L’école Massillon, au Havre (Seine-Maritime) pour le travail réalisé par la classe de CM1 de Mme COMPAGNON.
La classe de Mme Compagnon s'est intéressée à la mesure du temps, ce qui a conduit la classe à effectuer un travail interdisciplinaire extrêmement important : fabrication de divers cadrans solaires, de clepsydres et de sabliers, avec réflexion sur les mesures effectuées et la précision de ces mesures, travail de documentation varié.
Ce dossier est un bon exemple d'intégration d'un enseignement de sciences dans l'enseignement tout court.

À un projet présenté par la ZEP de Carrières-sous-Poissy (Yvelines), et réalisé par 4 CM2 répartis dans 3 écoles. Les enseignants sont : Mmes DAVION, FUGNANESI, LAGNEAU et SCHUSTER; MM. CORBIER et DEBAILLEUL.
4 classes réparties dans 3 écoles ont été confrontées à un défi: concevoir des robots footballeurs
Ce projet à caractère technologique n’est pas un simple travail d’exécution.
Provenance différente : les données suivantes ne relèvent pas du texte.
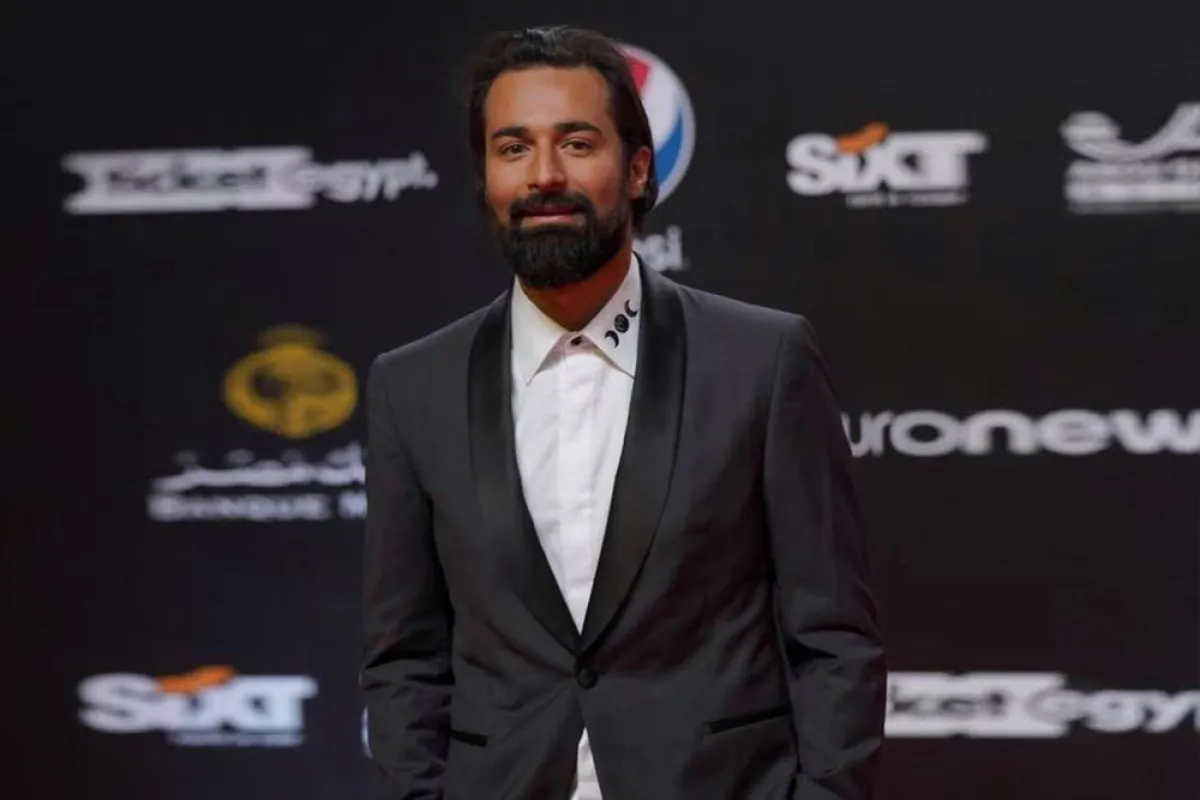 أحمد حاتم، ببدلة توكسيدو سوداء وقميص باللون الأبيض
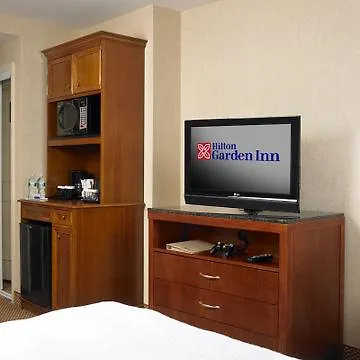 מלון ניו יורק Hilton Garden Inn Queens Jfk - Newly Renovated
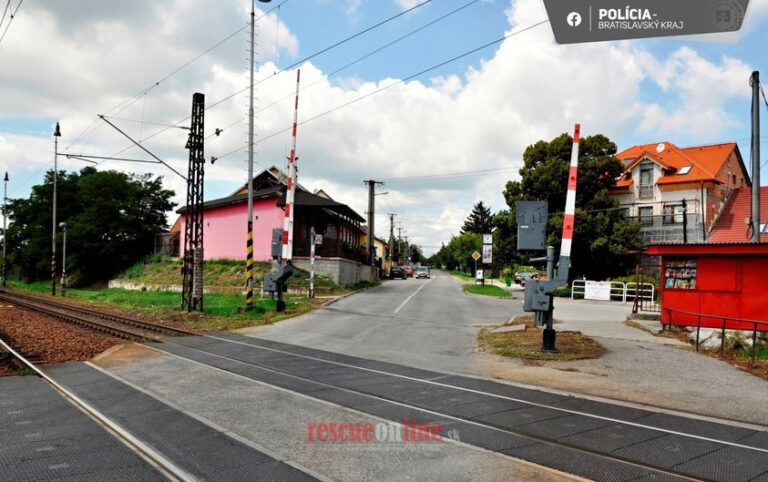 Vodiči pozor na uzavretie železničného priecestia v Bernolákove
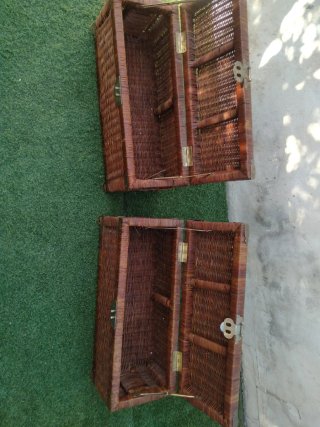 2 Baúles de mimbre marrones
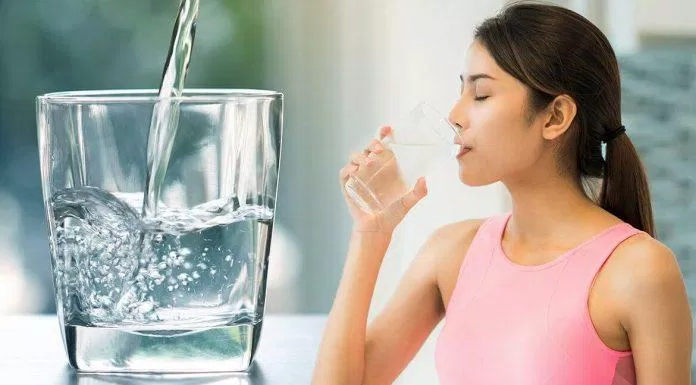 Uống nước bao nhiêu là đủ? Sự thật về lời khuyên uống 2 lít nước mỗi ngày -  BlogAnChoi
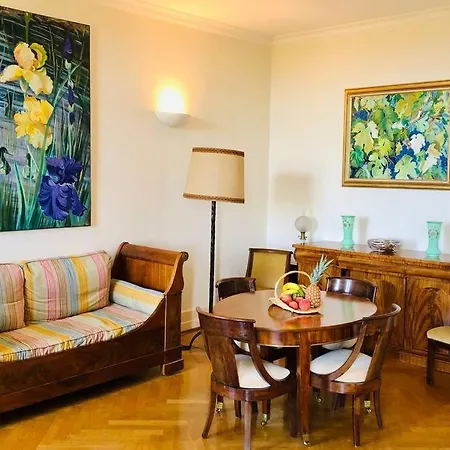 Luxury, Luminous Sea & Mountain Views Apartment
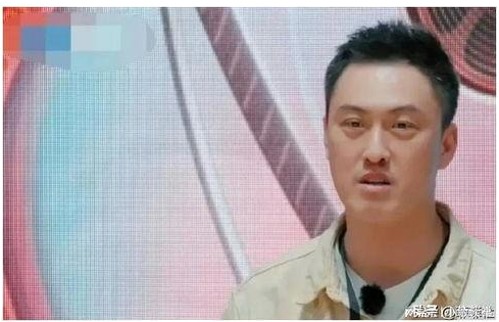 吃瓜网文字热度与抖音模板热议:娱乐揭秘与传播差异对比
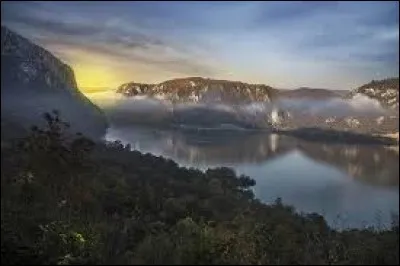 Parmi ces pays, lequel n'est pas traversé par le Danube ?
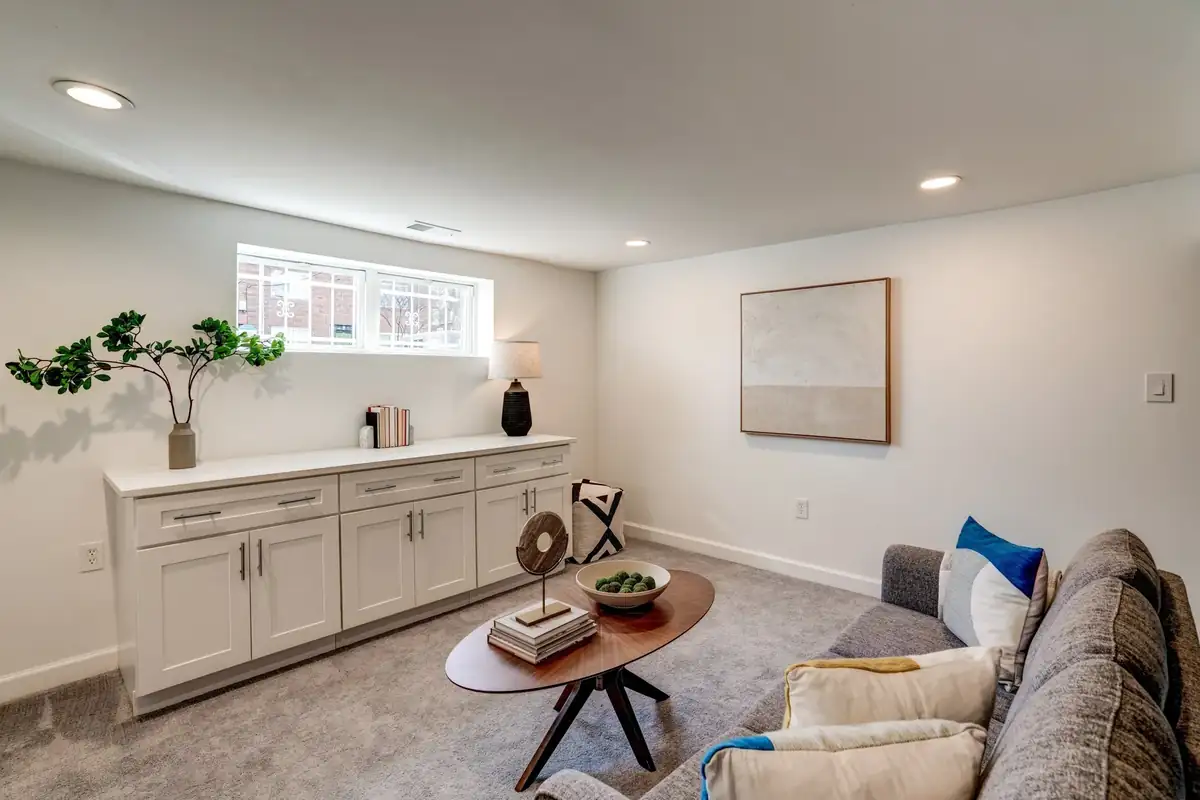 401 Delafield Pl NW-65.jpg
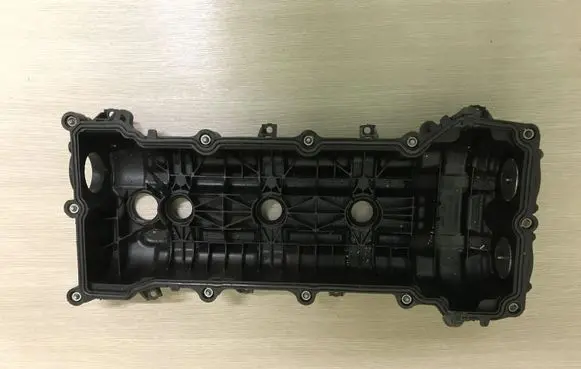 Dodge Challenger Rocker cam cover 05184068AI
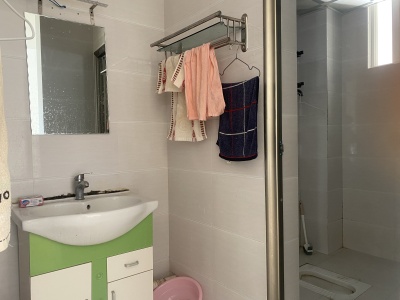 4室2廳1陽臺 東泰花園一區(qū)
Le «défi-robot» a eu pour but de faire comprendre les étapes successives d’un projet, depuis sa conception jusqu’à sa réalisation, en suivant un véritable cahier des charges. Il est apparu qu’un critère déterminant était la simplicité de mise en œuvre.
Le jury a été sensible à l’effort qu’ont consenti les élèves pour comprendre pourquoi un système ne fonctionne pas, est plus ou moins efficace qu’un autre, et pour définir des critères de choix.